When posting a ride for the New York Cycle Club, the ride leader is supposed to rate the rides based on the riding style (A, B, or C) and cruising speed we expect to maintain. I listed Sunday’s ride to Philadelphia as a B-ride, meaning that we would ride as a tight group but wouldn’t be pace-lining, cruising at about 17 MPH on flat terrain. However, I didn’t count on there being a really strong wind out of the north. That 10-15 MPH wind was at our backs the entire day and when it would gust to about 30 MPH, it was like a divine hand pushing us closer towards Philadelphia.

Five of us started pedaling from Bound Brook, New Jersey, at around 8:30 AM. At the beginning of the ride, we got a nice start, averaging close to 17 MPH. That was due to the fact that we were riding at 17-18 MPH and that we had open road ahead of us: there was no reason to slow down or stop.
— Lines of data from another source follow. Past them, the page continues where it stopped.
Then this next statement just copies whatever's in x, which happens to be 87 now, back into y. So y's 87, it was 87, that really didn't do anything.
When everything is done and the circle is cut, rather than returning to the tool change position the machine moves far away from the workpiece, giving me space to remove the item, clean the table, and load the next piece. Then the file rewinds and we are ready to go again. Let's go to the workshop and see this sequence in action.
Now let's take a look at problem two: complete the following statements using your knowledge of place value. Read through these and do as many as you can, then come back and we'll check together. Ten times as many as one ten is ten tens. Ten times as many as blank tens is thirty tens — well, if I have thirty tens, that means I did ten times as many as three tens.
We made really great time to our first stop in Hopewell, twenty-three miles from the start, and continued at an accelerated pace towards the New Jersey-Pennsylvania border. We arrived in Washington Crossing, 35 miles from the start, at about 11:30 AM, where we encountered a dress rehearsal for a reenactment of Washington crossing the Delaware on Christmas night in 1776.
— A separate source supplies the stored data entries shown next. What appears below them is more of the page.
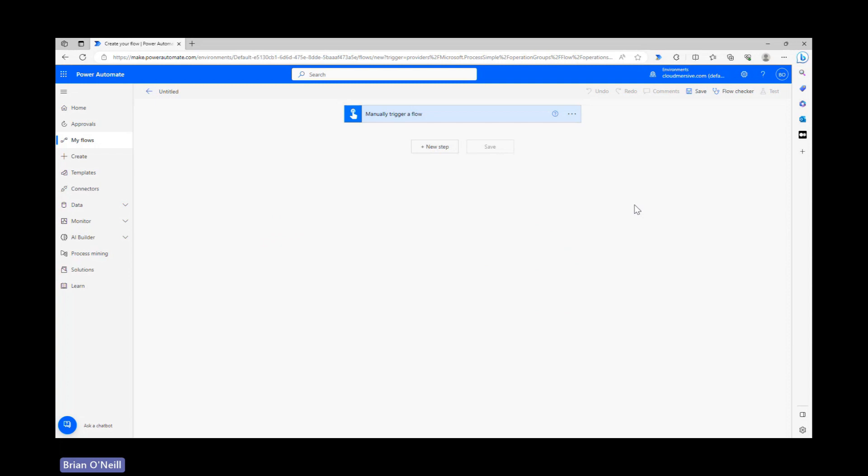To demonstrate, I'm starting off on the flow diagram page with an instant cloud flow setup. All we're going to do is grab a sample file, run it through the get worksheets action, and then take a look at the outputs of that action which can be used as dynamic content.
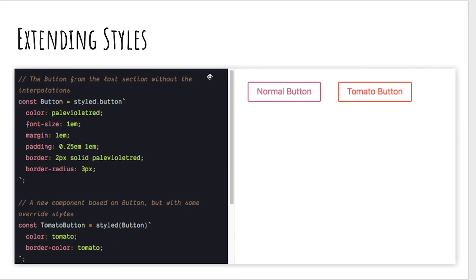You can see here the button on the right is the new tomato button that's been created. It overwrites the color property and it overwrites the border color.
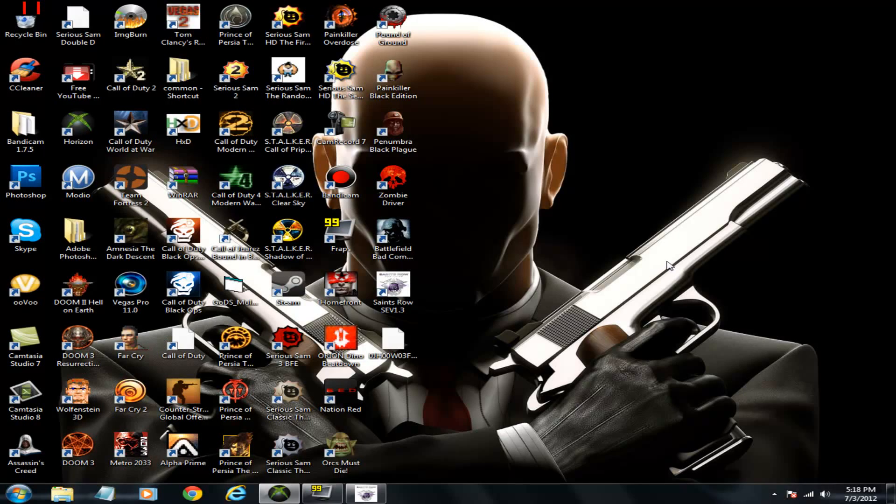Yo what's up everybody this is ToxicBastard and today I'm going to show you how to mod Saints Row the Third for Xbox 360.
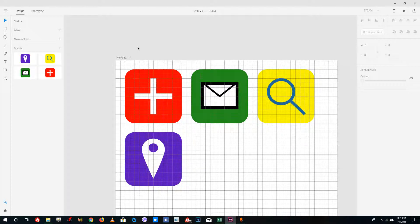We have created some basic icons — search, map pin, and mail — inside Adobe XD without the use of any external software. This is how you can easily create icons inside Adobe XD. Hope you guys learned something, and as always, please like, comment, share, and subscribe.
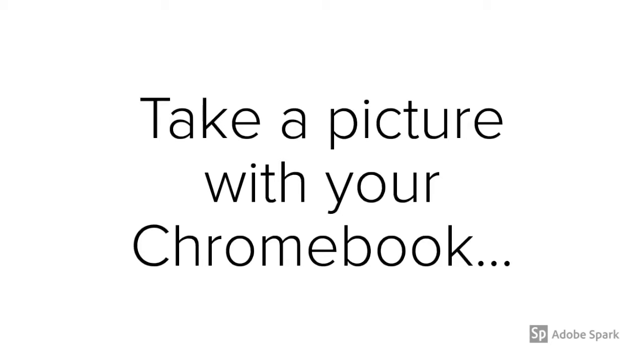So in this video, I'm going to go over how to take a picture with your Chromebook and attach that picture in an email. It's really important that I get your photographs of your artwork so that I can share it with everyone.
We didn’t have time to watch the whole thing, but we did stop to take a photo with a soldier.

Five Cyclists and a Revolutionary War Reenactor at Washington Crossing

We grabbed lunch in Yardley and even had time to each get a small four-ounce pour at the Vault Brewing, a personal favorite of one of our riders. Afterward, we sped through Pennsylvania, taking a different route than I did in July. Instead of riding through the industrial wasteland between the Delaware River and the Northeast Corridor railroad line, we rode along Trenton Avenue between Morrisville and Bensalem. It turns out that this particular road is designated as bike route PA-E and part of the East Coast Greenway. Over the twenty or so miles west of Yardley, we cruised at around 22 MPH. One guy in our group quipped, “I didn’t realize that this was a B22 ride to Philadelphia.”

Our hustle paid off, we arrived in Old City at around 2:45 PM. It was 15 minutes before our target time, and it gave us almost two hours in town before catching the ghetto train back to New York City.

We toasted our grand effort with a few beers at 2nd Story Brewing.

Cheers at 2nd Story Brewing

When our waitress asked me if I rode to Philadelphia from New York often, at first I said, “no, not often.” But then I realized that this might be a worthwhile ride to keep doing. As long as there’s enough daylight, a swell group of riders, and beer at the end, this really is the best way to get to Philadelphia.